First, walk across the black limestone line in the floor, embedded with fossils, which separates the twentieth-century State House “annex” from the older 1772 structure. Head toward the gorgeous rotunda to the solemn glass case displaying a single sheet of paper. This just boggles the mind: you are looking at George Washington’s actual personal copy of his 1783 resignation speech to Congress, the very paper he held in his hands and scribbled with notes in his own handwriting.
Washington read these words to Congress here in the State House in December 1783, during Annapolis’s brief tenure as the American government’s first capitol. The Revolutionary War was over, and Washington chose to resign his military commission as Commander-in-Chief of the Continental Army to return to civilian life.
This event was super important because it reinforced the supremacy of civil authority over the new nation and its military. Otherwise, we might have ended up with a monarchy or a military dictatorship.
That peaceful transition of power laid the foundation for our democracy and is the reason that today’s President is both the head of the civilian federal government and the Commander-in-Chief of our military forces. Washington’s speech also left open the window for Washington to return to civilian service, which he did later as leader of the Constitutional Convention and the first President elected under the new Constitution.
After Washington read his speech, he folded it up and handed it to a congressman, whose descendants kept the document until they sold it to the Maryland State Archives in 2007. Today’s state-of-the-art display case preserves the now 233-year old document, considered to be the fourth most important document in American history.
Three weeks after Washington’s resignation speech, Congress ratified the Treaty of Paris, officially ending the Revolutionary War. All these historic events occurred in the recently restored Old Senate Chamber.
Stand next to George’s life-size statue, and then learn more through the interpretive exhibits in the adjoining rooms. Across the hall are the Old House of Delegates Chamber, recreated to look as it did in Victorian times, and the Caucus Room with its gleaming USS Maryland silver service.
Look up at the magnificent rotunda interior. The intricate plaster ceiling you see is actually the inner of two wood domes, with an off-limits wood staircase winding upward between the inner and outer domes. Built entirely without metal nails, the exterior of the dome was completed in 1788 and remains the largest wooden dome in North America.
The structure is the third State House to stand in State Circle, the first destroyed by fire and the second becoming too dilapidated. The Maryland State House is a National Historic Landmark and the oldest U.S. state house still in continuous legislative use.

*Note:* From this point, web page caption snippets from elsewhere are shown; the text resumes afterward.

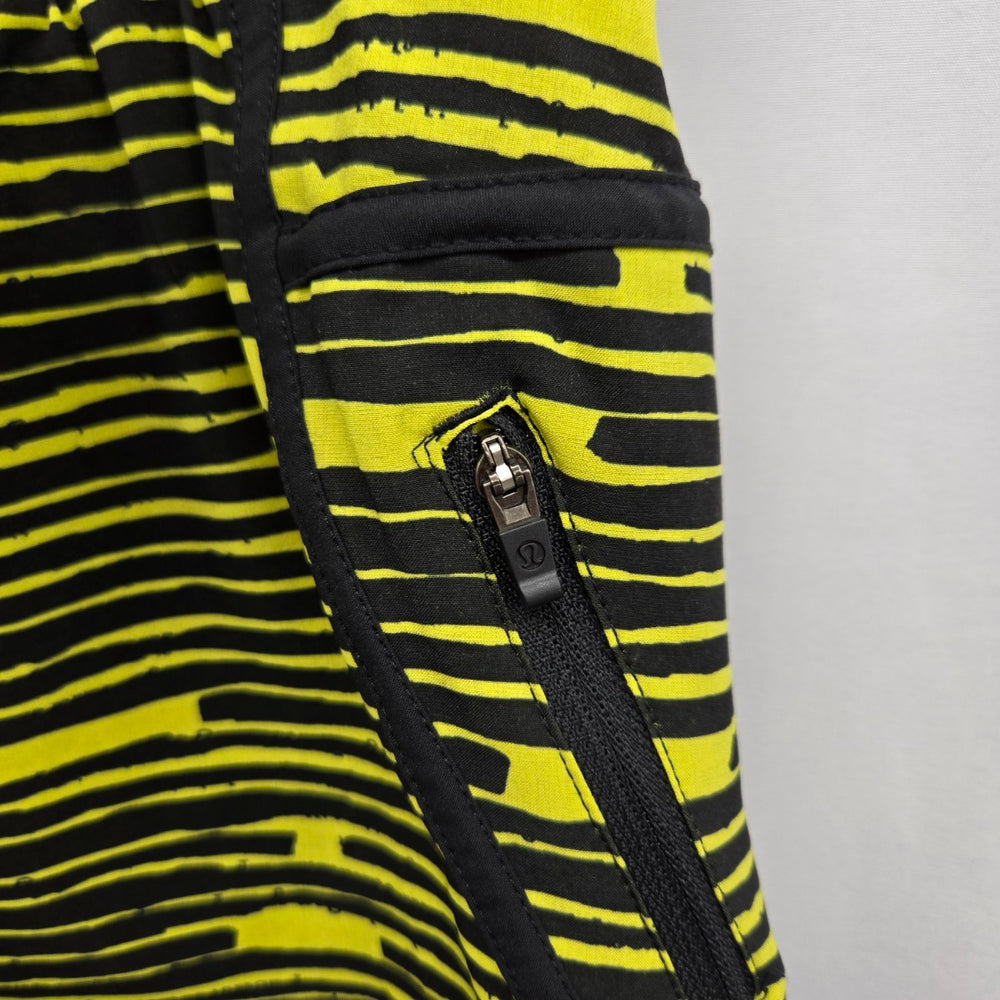 lululemon Tracker Short III *SW Black & Neon Yellow – Size 6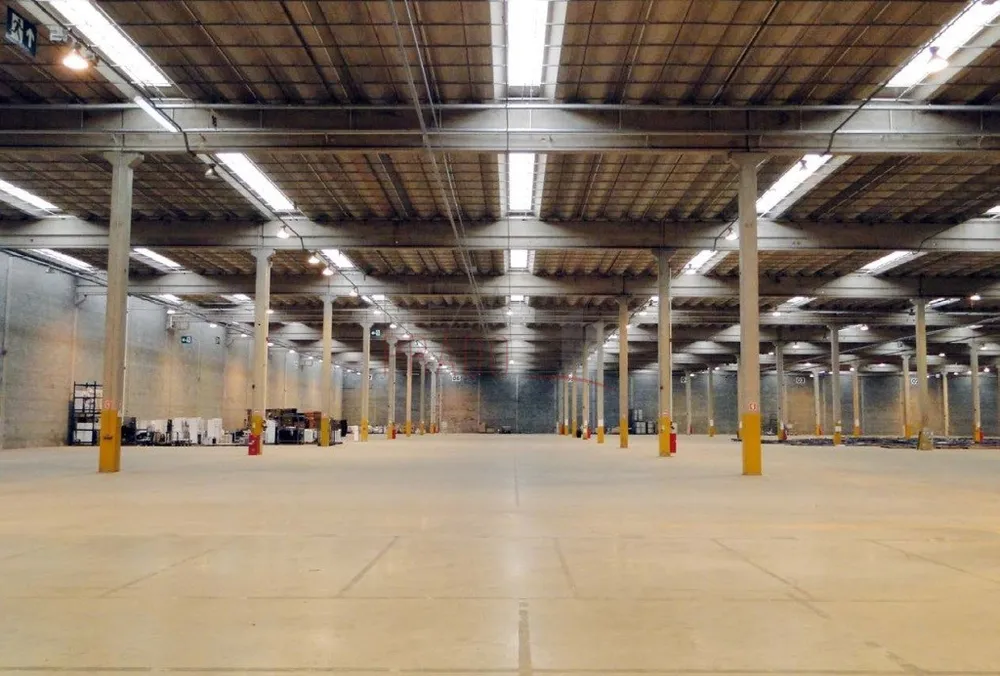 Depósito-Galpão, 112980 m² - Foto 1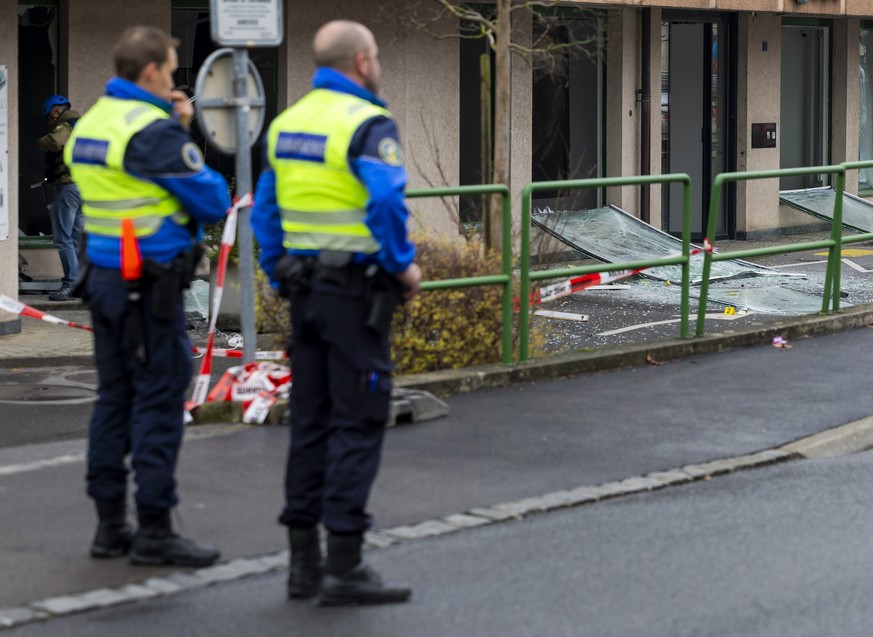 Vue de l'entree et des vitrines de la banque UBS apres l'attaque a l'explosif du distributeur automatique de billets, survenue dans la nuit, ce mercredi 3 decembre 2025 a Galnd. Un banc ...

Now enter the two stunning Chambers you passed earlier on either side of the grand hallway. Gorgeous Tiffany skylights illuminate the array of legislators’ desks around you, where the two houses of our Maryland Legislature meet January through March each year. The Maryland Senate meets in one chamber and the House of Delegates in the other. (Remember learning about bicameral legislatures in civics class?)
Next time you’re strolling the streets of Annapolis, look up at the white dome of the Maryland State House. Better yet, pay a visit to the Maryland State House and immerse yourself in its impressive four centuries of history.
Photos courtesy of Ann Powell.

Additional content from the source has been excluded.